▸ **Exercise goal**:
Reproduce word for word the lines from the beginning of the entries to the line with "Shirt Style Top", both included, but none of the pictures.
-- Given data follows --
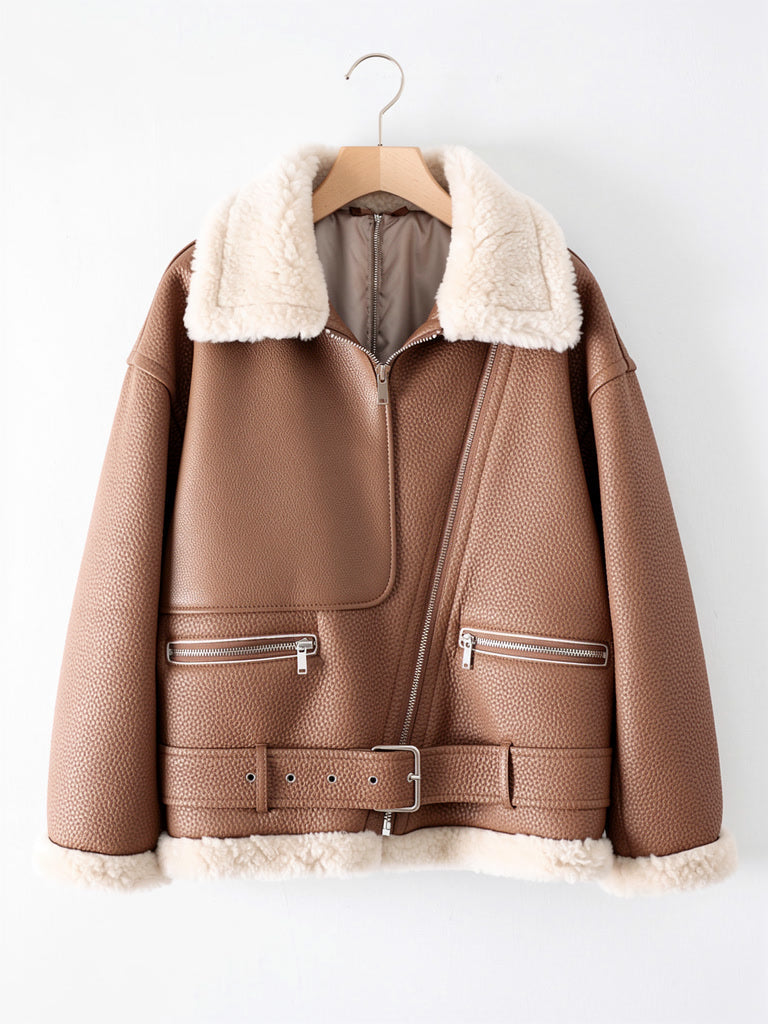 Faux shearling jacket on a hanger in Pecan showing its belted aviator cut, Batsford by Harlbury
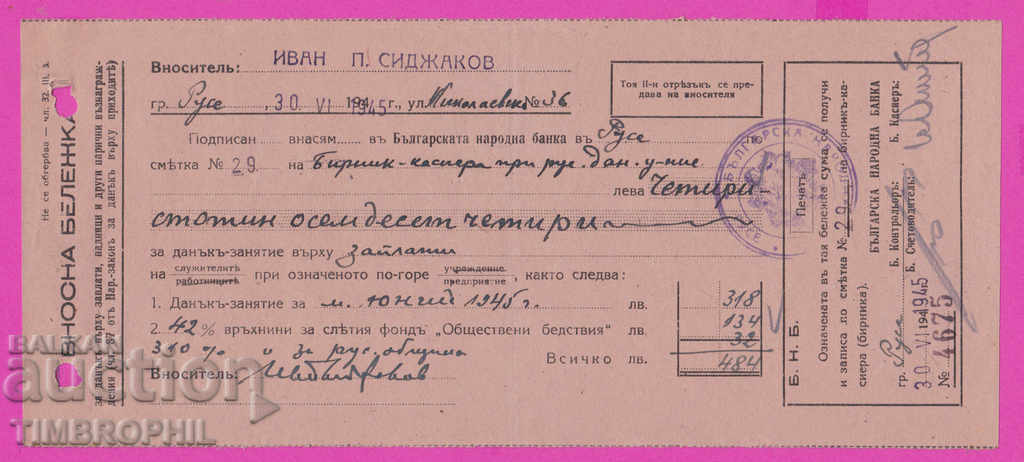 265560 / Bulgarian National Bank Import Note Ruse 1945 with price 2.00 BGN | € 1.02 265560 / Bulgarian National Bank Import Note Ruse 1945 with price 2.00 BGN | € 1.02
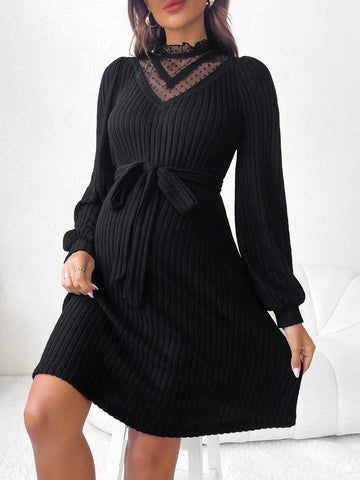 Maternity Contrast Mesh Mock Neck Belted Dress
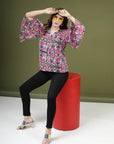 Violet  Black Ethnic Motifs Printed Shirt Style Top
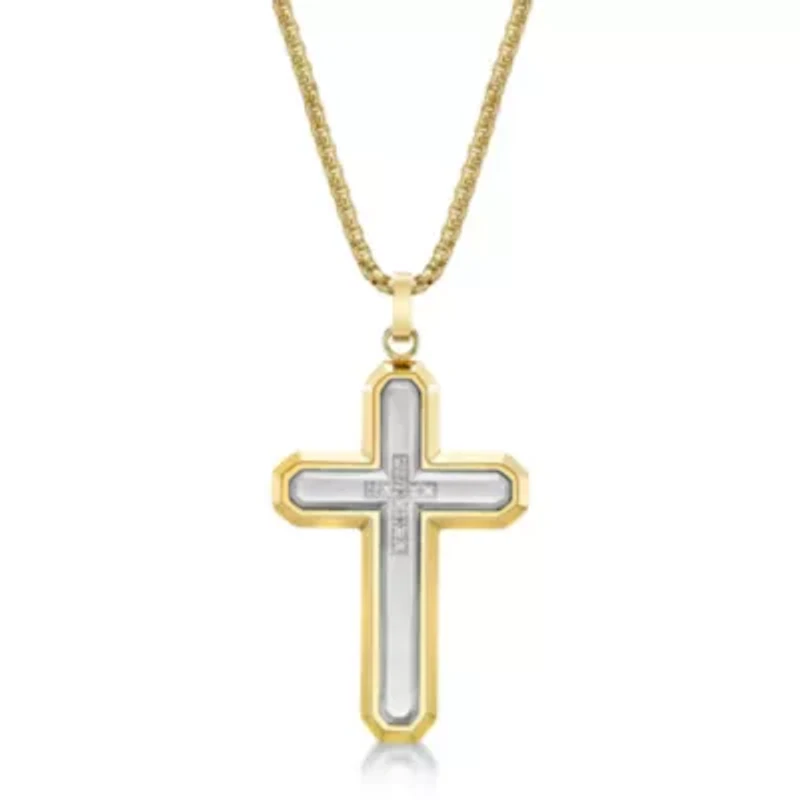 Stainless Steel Cross Pendant with Diamond Accent and Goldtone Ion Plating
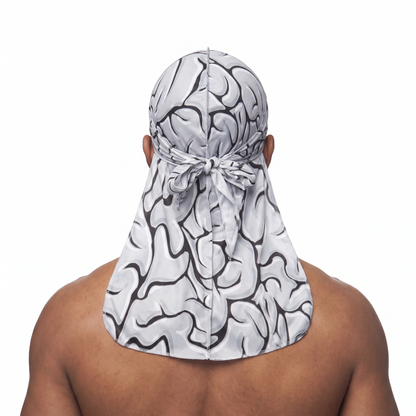 Grey Brains graphic Satin Silky Durag worn by male model, back view showing tied wrap and tail
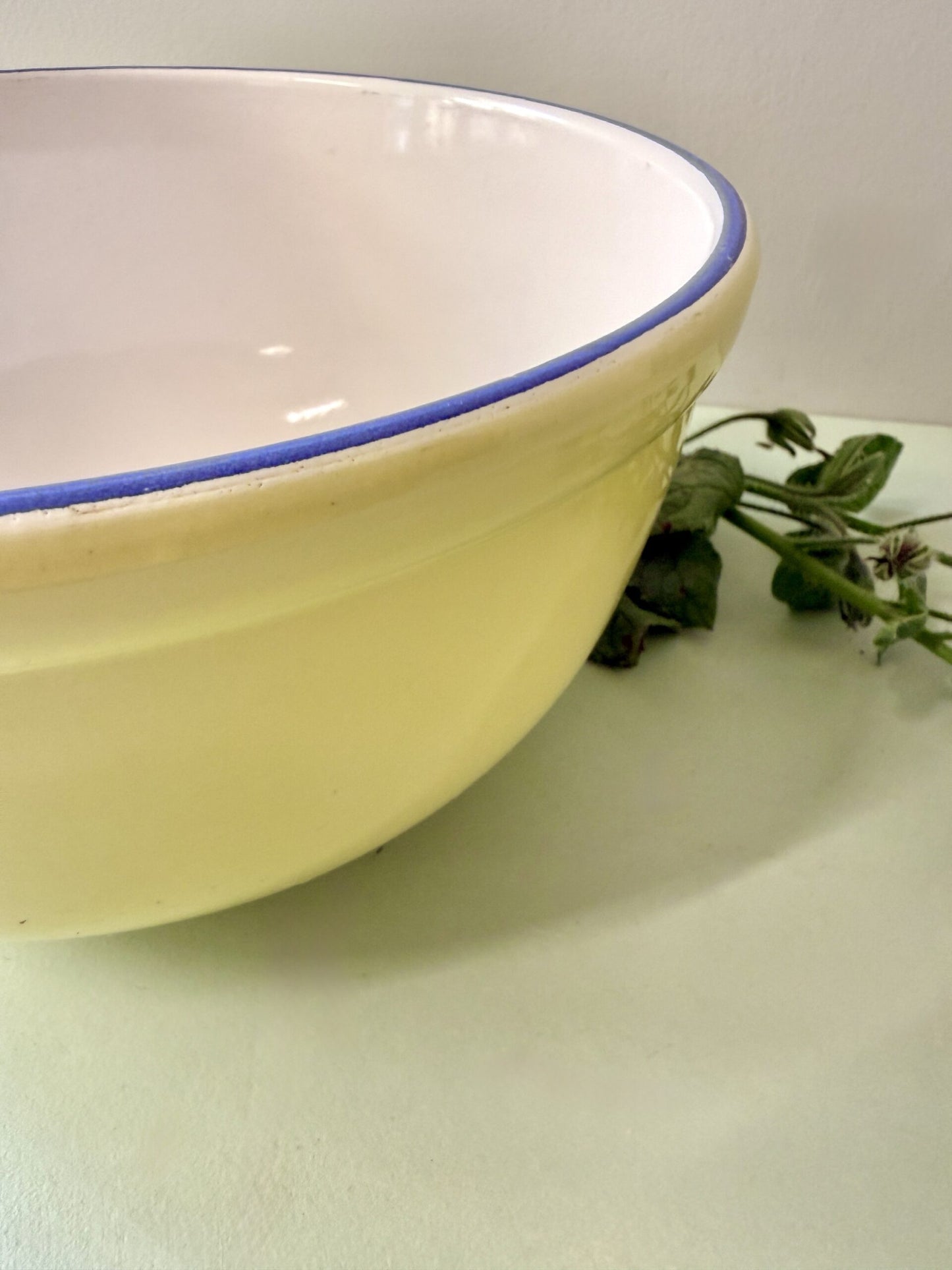 Grand saladier jaune avec liseré bleu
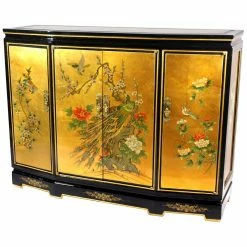 Outlet 😍 Fully Assembled Accent Cabinets & Decorative Chests Oriental Furniture Gold Leaf Slant Front Cabinet 👍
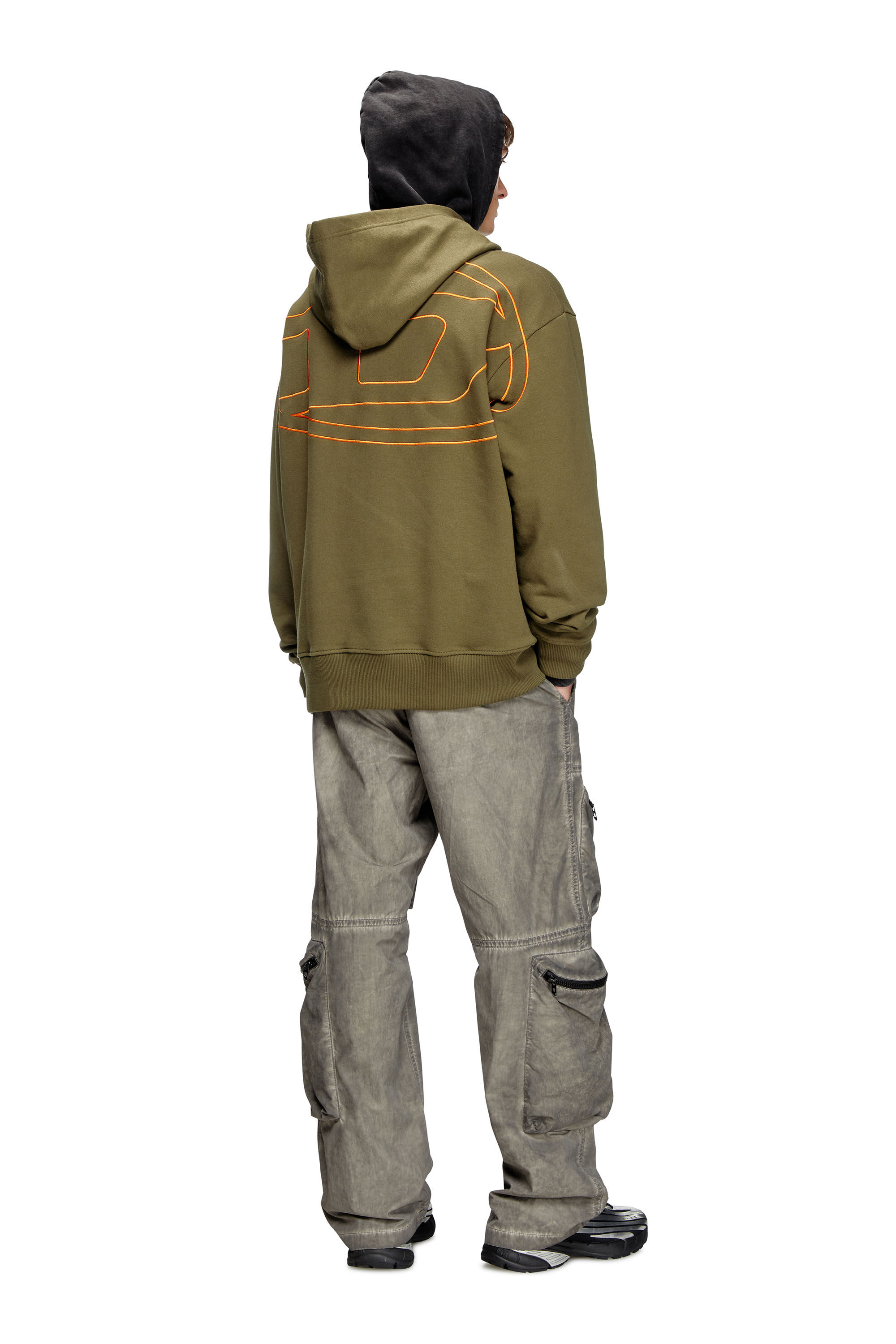 Diesel - S-MACS-HOOD-MEGOVAL-D, Man's Hoodie with logo embroidery in Military Green - 1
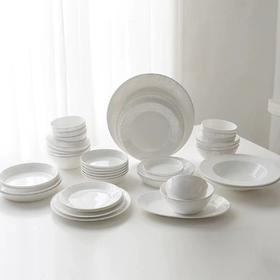 韩国HANKOOK骨瓷餐具饭碗汤碗深盘小蝶鱼盘釉下彩8人用40件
-- Given data concluded --
▸ **Answer space**:
 Faux shearling jacket on a hanger in Pecan showing its belted aviator cut, Batsford by Harlbury
 265560 / Bulgarian National Bank Import Note Ruse 1945 with price 2.00 BGN | € 1.02 265560 / Bulgarian National Bank Import Note Ruse 1945 with price 2.00 BGN | € 1.02
 Maternity Contrast Mesh Mock Neck Belted Dress
 Violet  Black Ethnic Motifs Printed Shirt Style Top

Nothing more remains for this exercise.